Write out exactly the lines below that run from the one containing "IBC Tank Valve" through the one containing "Premium Tuscany Classics", both included, with no other lines.

* * * * *

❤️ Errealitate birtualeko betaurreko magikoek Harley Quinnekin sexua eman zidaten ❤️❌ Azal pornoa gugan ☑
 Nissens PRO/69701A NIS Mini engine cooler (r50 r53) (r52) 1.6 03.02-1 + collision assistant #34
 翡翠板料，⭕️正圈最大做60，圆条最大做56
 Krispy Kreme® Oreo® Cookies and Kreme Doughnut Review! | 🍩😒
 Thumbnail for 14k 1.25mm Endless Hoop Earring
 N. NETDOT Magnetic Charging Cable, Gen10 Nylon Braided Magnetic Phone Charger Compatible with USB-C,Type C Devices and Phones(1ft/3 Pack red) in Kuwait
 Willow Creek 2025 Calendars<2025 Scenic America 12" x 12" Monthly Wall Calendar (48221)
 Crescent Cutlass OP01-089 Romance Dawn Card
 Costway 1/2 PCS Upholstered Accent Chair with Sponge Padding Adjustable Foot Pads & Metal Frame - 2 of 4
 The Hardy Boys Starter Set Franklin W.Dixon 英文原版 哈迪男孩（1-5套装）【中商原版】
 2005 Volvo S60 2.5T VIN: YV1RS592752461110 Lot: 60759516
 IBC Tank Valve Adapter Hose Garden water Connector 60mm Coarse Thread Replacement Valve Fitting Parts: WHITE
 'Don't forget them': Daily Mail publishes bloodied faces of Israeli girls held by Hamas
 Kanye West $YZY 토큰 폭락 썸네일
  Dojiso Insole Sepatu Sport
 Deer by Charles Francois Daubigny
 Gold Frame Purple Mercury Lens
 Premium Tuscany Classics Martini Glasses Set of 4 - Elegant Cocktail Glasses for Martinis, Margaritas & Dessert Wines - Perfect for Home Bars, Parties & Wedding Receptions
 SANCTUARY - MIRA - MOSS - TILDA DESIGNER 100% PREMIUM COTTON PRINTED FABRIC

* * * * *

▸ **ANSWER TO THIS PROBLEM**
 IBC Tank Valve Adapter Hose Garden water Connector 60mm Coarse Thread Replacement Valve Fitting Parts: WHITE
 'Don't forget them': Daily Mail publishes bloodied faces of Israeli girls held by Hamas
 Kanye West $YZY 토큰 폭락 썸네일
  Dojiso Insole Sepatu Sport
 Deer by Charles Francois Daubigny
 Gold Frame Purple Mercury Lens
 Premium Tuscany Classics Martini Glasses Set of 4 - Elegant Cocktail Glasses for Martinis, Margaritas & Dessert Wines - Perfect for Home Bars, Parties & Wedding Receptions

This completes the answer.